Le titre The transformations of man, donne déjà le ton. Lewis Mumford, contrairement aux progressistes béats applaudissant à tout rompre toute innovation technologique rompt avec ce terme imbécile d’évolution, qui postule implicitement l’idée d’une transformation forcément positive. Car s’il est vrai qu’il est des transformations aux effets positifs, il en est de nombreuses aux effets négatifs : Mumford est l’un des pionniers de la critique moderne du machinisme industrielle et de la société technique, et pour sûr des gens comme Marcuse ou Ellul l’ont lu avec attention.
Tout exposé d’ensemble du développement humain court bien sûr le risque de l’extrapolation ou celui de la généralité.

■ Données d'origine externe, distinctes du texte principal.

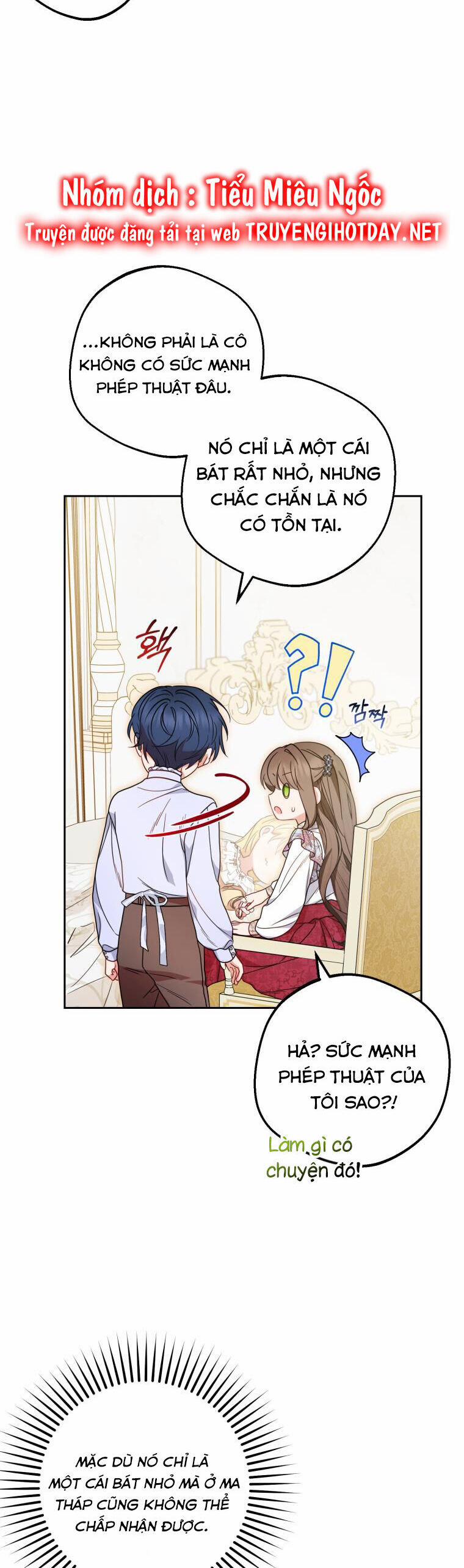 Khi Ác Nữ Phản Diện Được Yêu 42 trang 27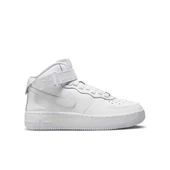NİKE Air Force 1 Mid EasyOn Gs Sneaker Ayakkabı - 1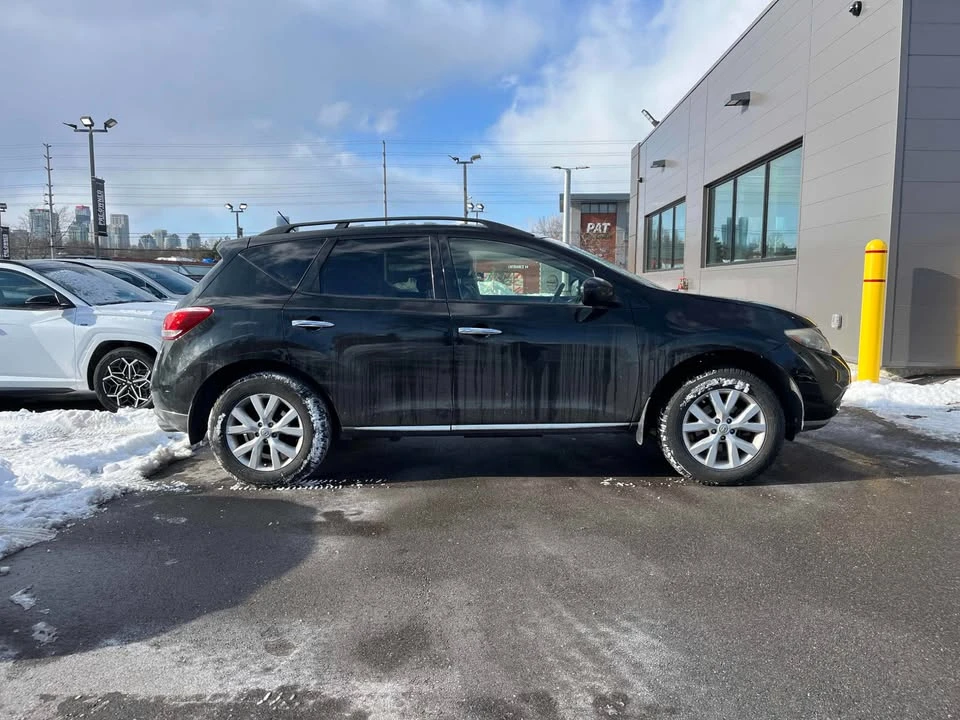 2014 Nissan Murano 2nd Gen - Image 4 of 12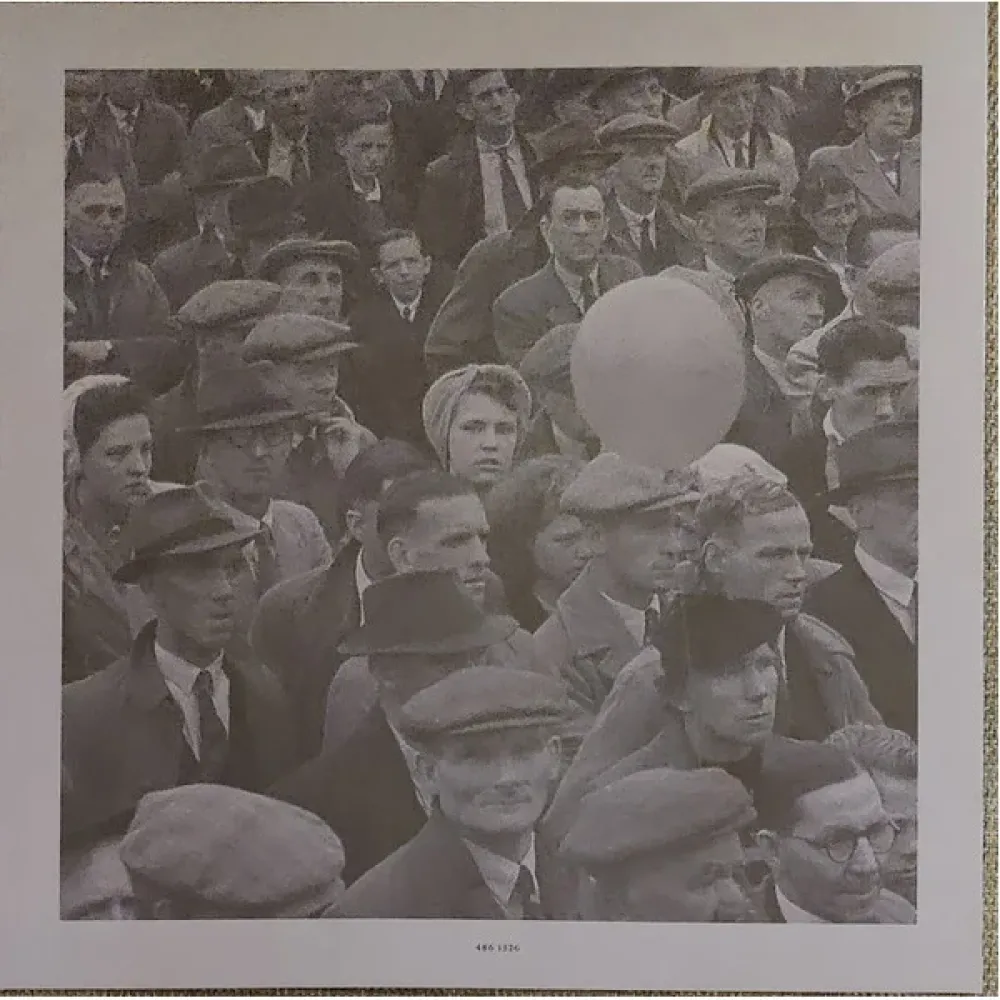 Johann Johannsson – The Miners Hymns LP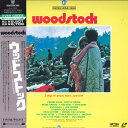 【中古】2xLASERDISC Various ウッドストック NJL11762 WARNER HOME VIDEO /01200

L’axe que suit Mumford est cependant rigoureusement posé : au vu de la gouvernance technique du monde, gouvernance assurée de plus en plus par des machines, quelles illusions peut encore se faire le bipède humain sur le sort de sa propre liberté sans être ridicule ?

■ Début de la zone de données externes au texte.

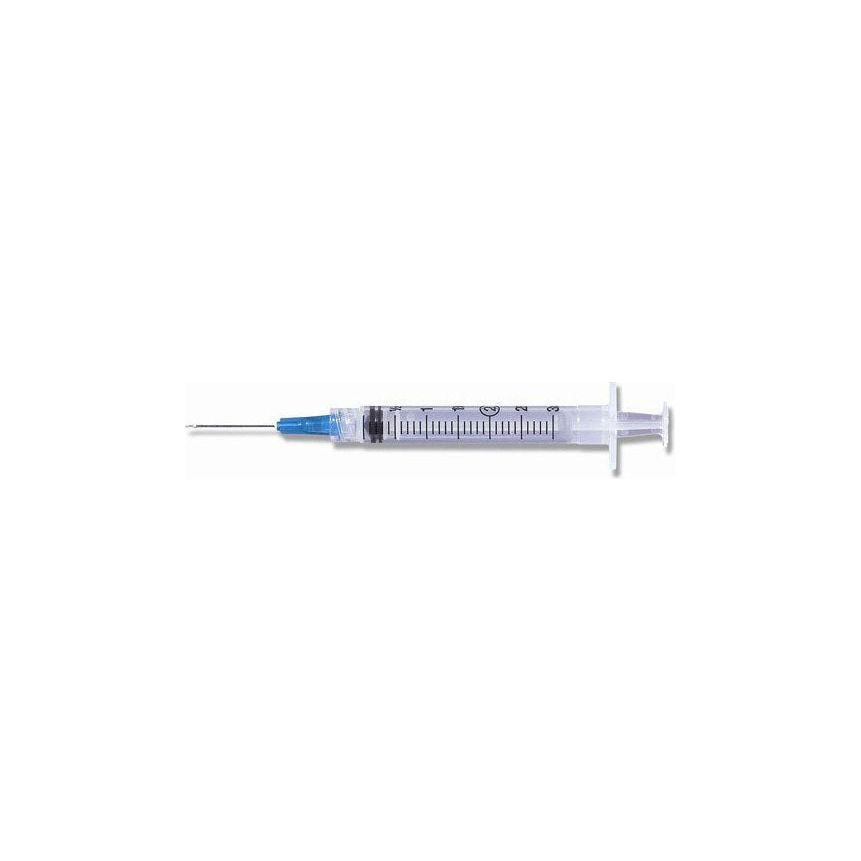 Terumo Hypodermic Syringe, With Ultra Thin Wall Needle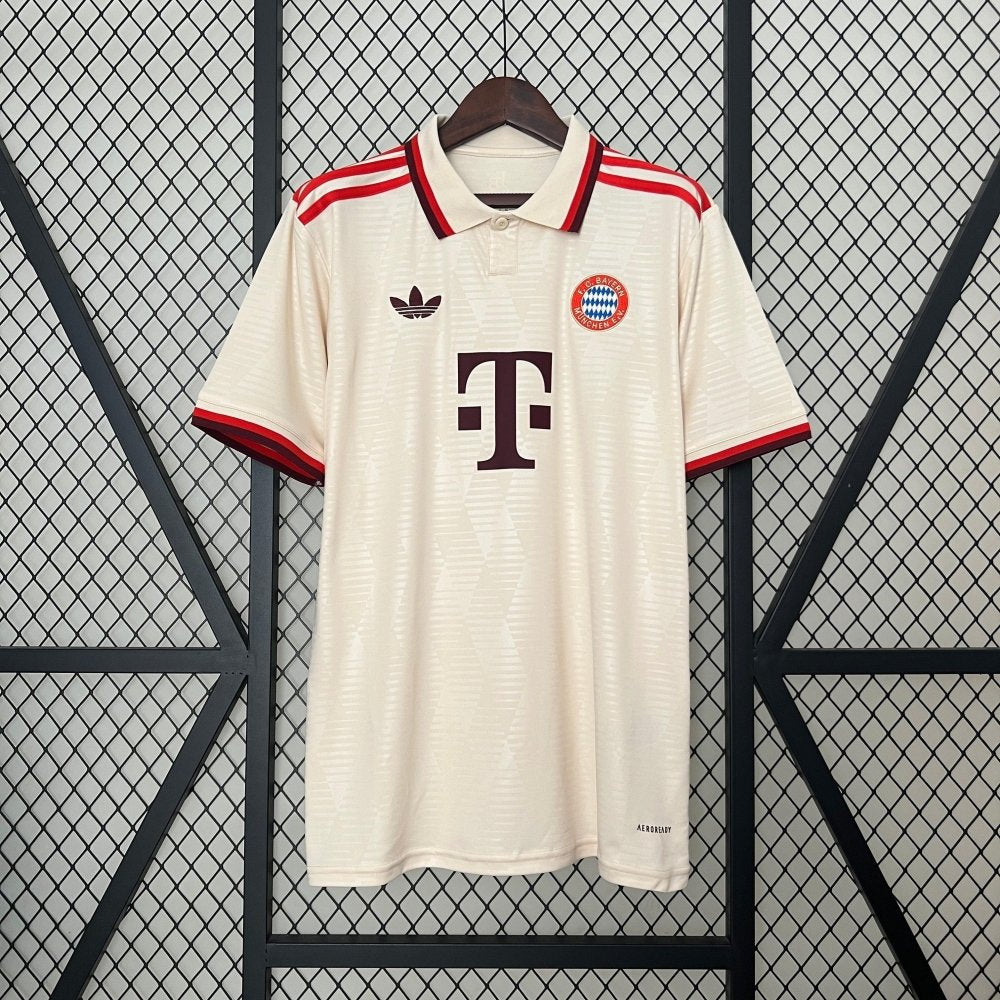 Maillot Bayern Munich Extérieur 2024/2025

Dans le développement du monde, Lewis distingue plusieurs périodes. Au vrai, il les « raconte » (j’en reviens à l’art du récit, comme chez la Fontaine) :
Celle de « l’homme archaïque », en compagnie duquel nous restons quelques dizaines de pages. C’est l’occasion d’évoquer aussi bien des cueillettes de Neandertal que les Travaux et les Jours d’Hésiode, occasion de rappeler aussi quelles traces, du bon sauvage rousseauiste au sapiens middle class parti ramasser des champignons en famille, ce lointain souvenir nous a laissé. Avec la naissance des premières civilisations survient la première transformation de l’homme, dont l’effet principal (s’il fallait n’en retenir qu’un seul) par rapport au sujet qui nous intéresse fut la création de « l’homme partiel ».[1] Invention de l’écriture, naissance du politique, apologie et systématisation de l’art de la guerre, règne de l’utilitarisme, chef ou pharaon déifiés, développement du « panem et circenses » et des nombreux anesthésiques dont l’alcool ou la prostitution :
« Au fond, les bienfaits de la civilisation ont été pour une large part acquis et préservés – et là est la contradiction suprême – par l’usage de la contrainte et l’embrigadement méthodique, soutenus par un déchainement de violence. En ce sens, la civilisation n’est qu’un long affront à la dignité humaine ».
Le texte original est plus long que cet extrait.